Exercise data
□ □ □

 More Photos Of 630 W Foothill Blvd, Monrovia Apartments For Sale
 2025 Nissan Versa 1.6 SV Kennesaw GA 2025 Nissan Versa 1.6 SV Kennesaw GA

□ □ □

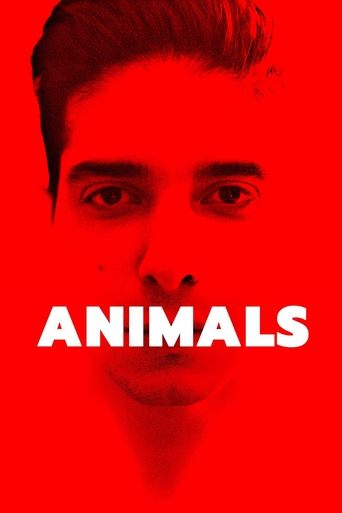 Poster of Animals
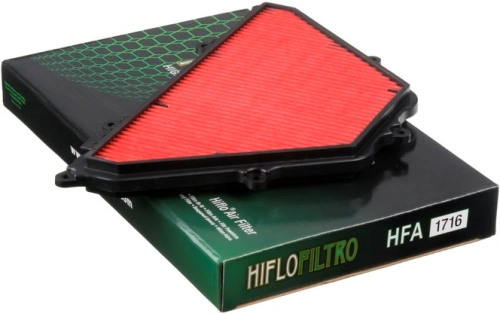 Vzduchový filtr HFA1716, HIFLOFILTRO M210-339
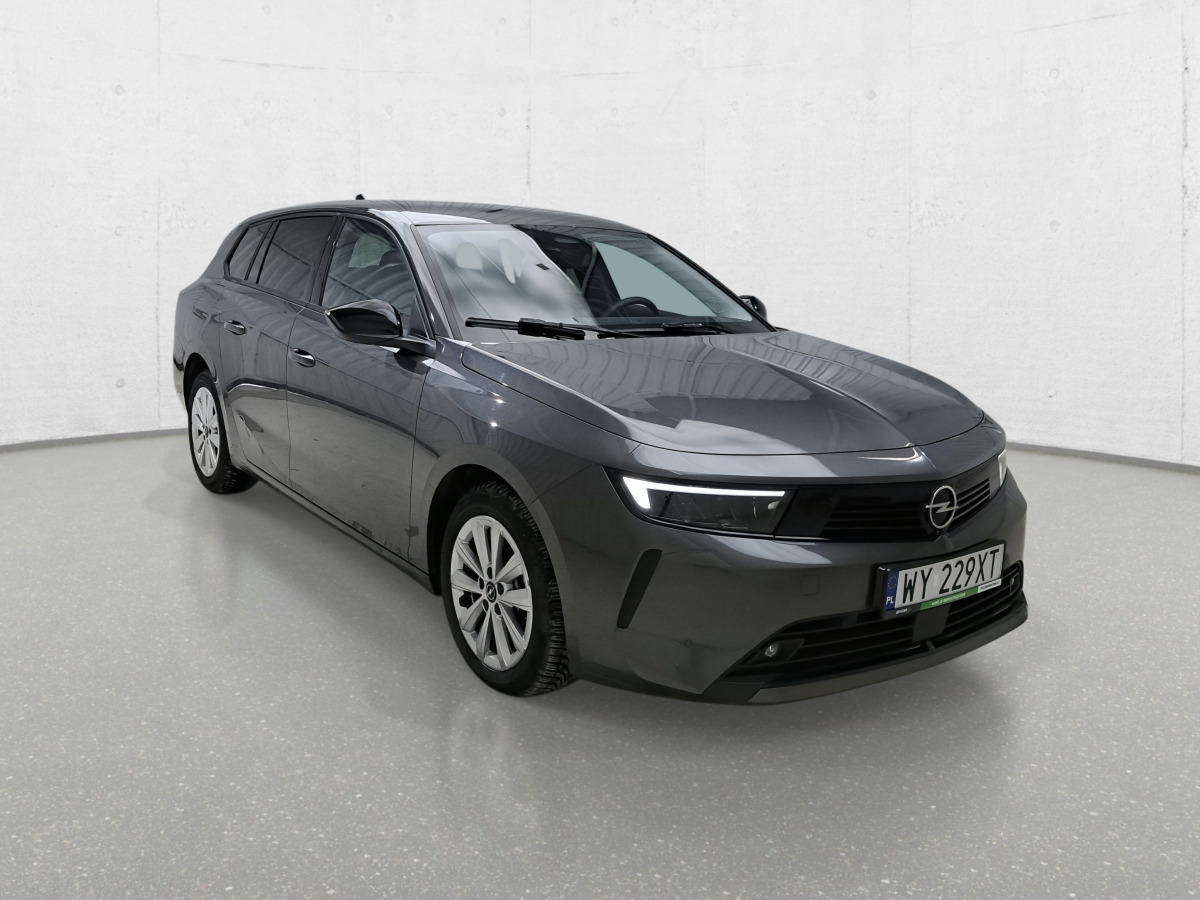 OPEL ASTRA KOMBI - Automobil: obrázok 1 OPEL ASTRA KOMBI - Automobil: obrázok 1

□ □ □

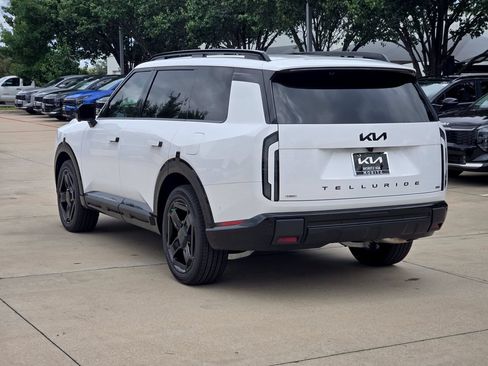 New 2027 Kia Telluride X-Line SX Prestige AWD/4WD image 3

□ □ □

What to do
Find the line with "More Photos Of" in the material above. Reproduce it and each line after it up to and including the line with "2025 Nissan Versa 1.6 SV Kennesaw GA 2025".

Answer section
 More Photos Of 630 W Foothill Blvd, Monrovia Apartments For Sale
 2025 Nissan Versa 1.6 SV Kennesaw GA 2025 Nissan Versa 1.6 SV Kennesaw GA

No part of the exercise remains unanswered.